Adaptive evolution of cytochrome c oxidase: Infrastructure for a carnivorous plant radiation

Abstract

Much recent attention in the study of adaptation of organismal form has centered on developmental regulation. As such, the highly conserved respiratory machinery of eukaryotic cells might seem an unlikely target for selection supporting novel morphologies. We demonstrate that a dramatic molecular evolutionary rate increase in subunit I of cytochrome c oxidase (COX) from an active-trapping lineage of carnivorous plants is caused by positive Darwinian selection. Bladderworts (Utricularia) trap plankton when water-immersed, negatively pressured suction bladders are triggered. The resetting of traps involves active ion transport, requiring considerable energy expenditure. As judged from the quaternary structure of bovine COX, the most profound adaptive substitutions are two contiguous cysteines absent in approximately 99.9% of databased COX I sequences from Eukaryota, Archaea, and Bacteria. This motif lies directly at the docking point of COX I helix 3 and cytochrome c, and modeling of bovine COX I suggests the possibility of an unprecedented helix-terminating disulfide bridge that could alter COX/cytochrome c dissociation kinetics. Thus, the key adaptation in Utricularia likely lies in molecular energetic changes that buttressed the mechanisms responsible for the bladderworts' radical morphological evolution.

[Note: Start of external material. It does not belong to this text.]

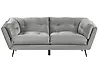 Sofa 3 Seater LENVIK Velvet Grey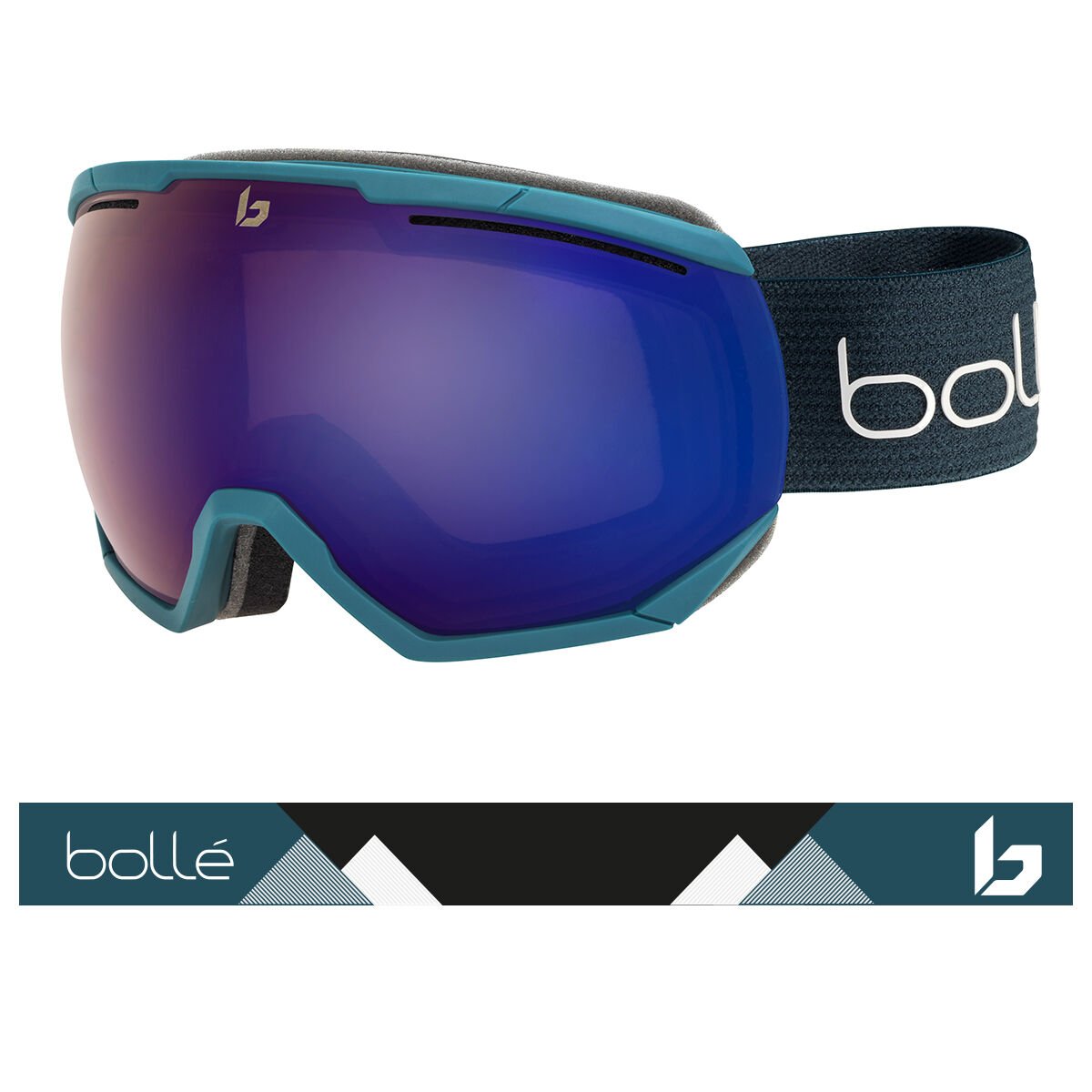 Bollé NORTHSTAR Ski Goggles Petrol Blue Matte | 610495-ETP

Along with evidence for COX evolution underlying expansion of the anthropoid neocortex, our findings underscore that important morphological and physiological innovations must often be accompanied by specific adaptations in proteins with basic cellular functions.

Fig. 1.

The hypothesized evolution and development of ATP-dependent active pumping in Lentibulariaceae. a, divergence of the flypaper trapping strategy (Pinguicula); b, ancestral Utricularia/Genlisea active-pumping suction pitcher prototype; c, corkscrew trapping strategy (Genlisea) with the loss of active pumping; d, Utricularia maintains ATP driven active pumping, with the development of the trap door innovation, which seals a negative internal pressure required for suction-bladder trapping. Colored branches indicate the ancestral Leu-113-Ser-114 motif (red), with gain of functional changes Cys-113-Cys-114 (blue) in the Utricularia/Genlisea ancestor (with Genlisea represented here by Genlisea hispidula; Table 1) followed by partial loss to Cys-113-Ser-114 (green) in Genlisea aurea or complete reversal to Leu-113-Ser-114 (red) in Genlisea violacea (Table 1). The above hypothesis assumes coevolution of the Cys-113-Cys-114 motif, as suggested by our hypothesis of a vicinal disulfide bridge in COX I helix 3. Numbers below branches represent parsimony jackknife support values (63–100 = strong support), based on analysis of two noncoding plastid DNA regions (10, 12). Images show Pinguicula (Top), with flypaper trapping leaves; Genlisea (Middle) with digestive bulb (uppermost), forked region where corkscrew traps begin, and an individual corkscrew trap; Utricularia (Bottom) with suction-trapping bladders and branched appendages at their trap doors.

Fig. 2.

Protein structural reconstruction of COX I and COX VIIa,c based on the bovine enzyme model (15). Mitochondrially encoded COX I is silver, and hemes and coppers show through in purple and orange, respectively. COX subunit VIIa is shown in dark blue; subunit VIIc is in light blue. We identified COX VIIa in plants, including Utricularia, but COX VIIc remains undiscovered. Residues 113 and 114 of helix 3 of COX subunit I are shown as red space-filling models. Cytochrome c, in green, is shown superimposed by using coordinates from the P. denitrificans oxidase (1ar1.pdb)/cytochrome c docked complex (16). COX I residues 113 and 114 and the C terminus of COX VIIa lie directly at the cytochrome c docking base. The model was visualized by using the application vmd (23).